Gay marriage, religion issues in NY clerk race

By Michael Hill

Associated Press

Published: Tuesday, Oct. 25 2011 12:00 a.m. MDT

Belforti's position has drawn criticism from people who feel they are being asked to pay a deputy to do something the clerk should do. It rankled Easter enough to launch his write-in campaign.

The 40-year-old works at a local wine shop and has lived in town for more than a year with his wife and stepson. He had no particular dream to become a town clerk, but he felt the situation demanded that someone step up. Easter, like Belforti, is a Republican. He also is a Christian who said the issue is not his opponent's faith.

"It's not about attacking her beliefs," Easter said, "it's about her beliefs are not letting her do her job."

Marriage licenses are a small part of the clerk's job: Belforti said the office has never issued more than seven a year.

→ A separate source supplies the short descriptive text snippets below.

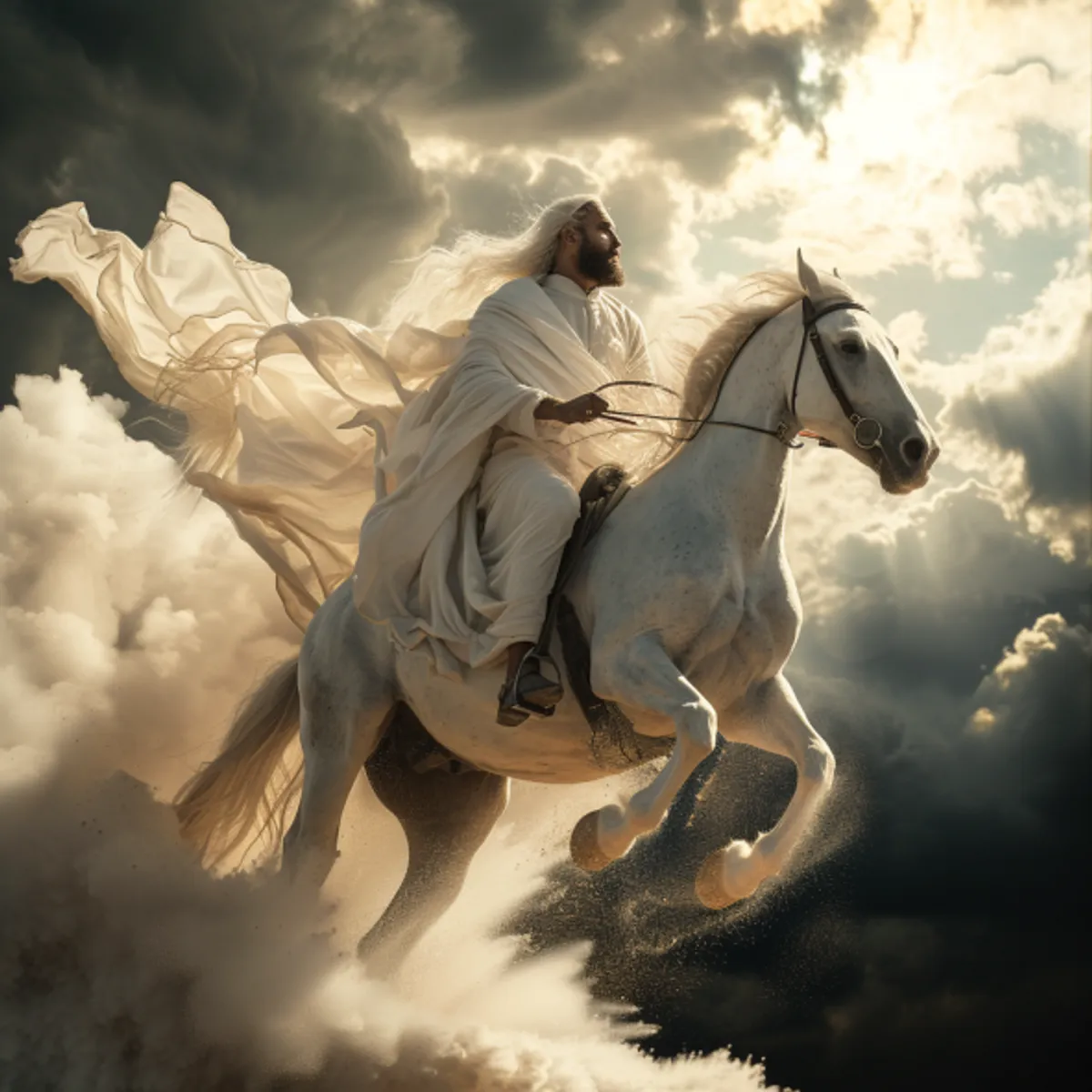 Αποκάλυψη - Τα Τέλη του Κόσμου και ο Νέος Ουρανός και Γη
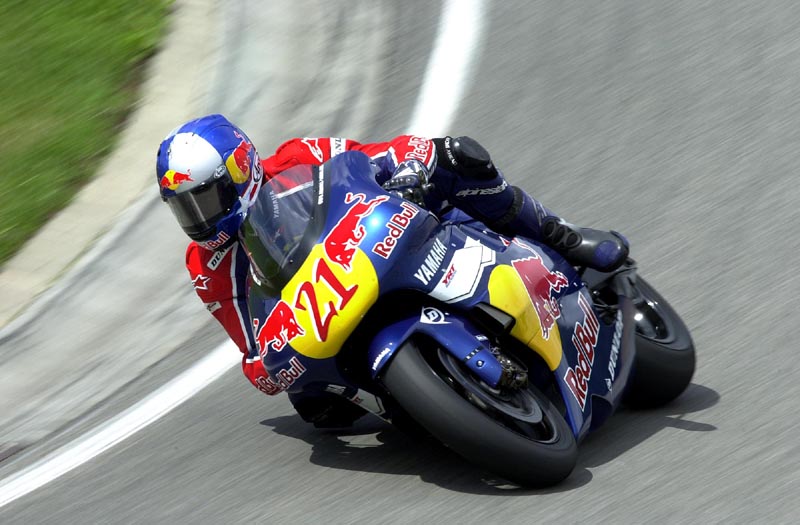 Marlboro Yamaha thrill F3 fans.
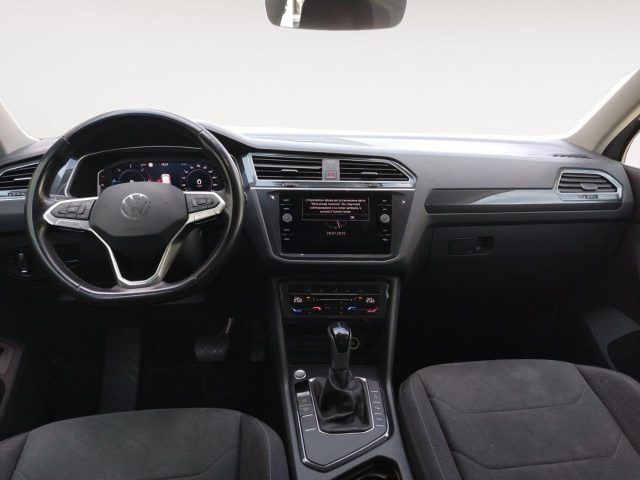 Volkswagen Tiguan 2021
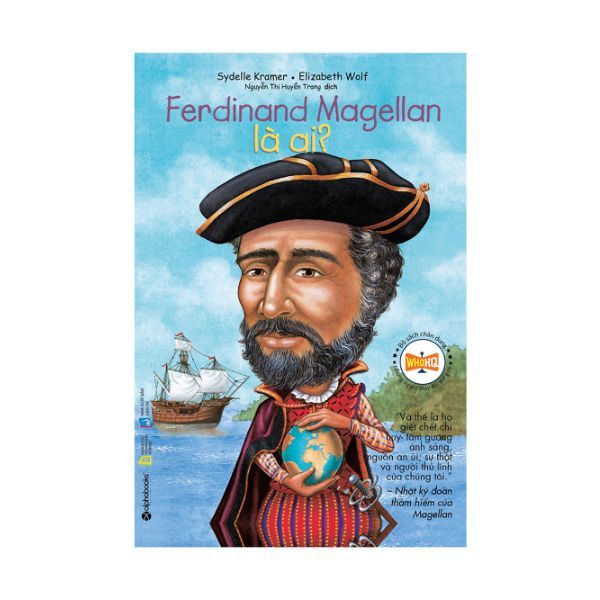  Ferdinand Magellan Là Gì ? 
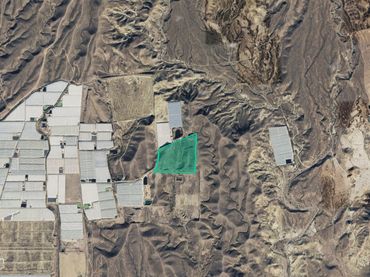 Rural land for sale in Coto Espinosa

But the controversy has resonated here. Residents asked about the issue recently all knew something about it. Some said that they liked Belforti and respected her right to her religious views, but said she should consider stepping down if she can't do the job.

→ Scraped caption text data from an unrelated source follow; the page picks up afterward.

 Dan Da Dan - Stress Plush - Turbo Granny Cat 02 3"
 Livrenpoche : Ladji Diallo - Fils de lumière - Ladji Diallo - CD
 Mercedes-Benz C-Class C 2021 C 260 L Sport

"In her situation, can she have it both ways? I don't think so," said Jacci Farlow, managing director of the Aurora Arts and Design Center.

Belforti said she has endured nasty emails and charges that she is a bigot, which she emphatically disputes. There have been calls to boycott her cheese business, a tactic Easter disagrees with.

"This has never been about putting her out of business," he said, "it's about putting her out of office."

There is no polling for such a small-town race and it's unclear just how important the marriage debate will be to voters compared to the personal relationships that dominate small-town elections.

"I think she's wrong, but I'm voting for her anyway. I think she's just a splendid town clerk," said Bradley Mitchell as he left the local post office.

The race has received wider interest from advocates on both sides of the gay marriage debate. Still, it looks like a stretch to see the race as a political harbinger.

There are only about 1,000 registered voters in Ledyard, a town where the farms are interrupted by the quaint lakeside village of Aurora, home to Wells College. Ledyard differs demographically from the sprawling, suburban senatorial districts that could become battlegrounds during next year's legislative elections.

And while millions of dollars are already being pledged for and against the Republican lawmakers who voted for gay marriage, the town clerk candidates are looking at campaign accounts more in line with a monthly mortgage payment.

Belforti expects to get $500 from supporters, which she will use for a mailing to outline her record and explain her stance on marriage licenses. Easter figures he has raised around $1,200 and plans on yard signs to help get his message out.

"I think in the end no matter how this turns out," he said, "that this conversation needs to be had."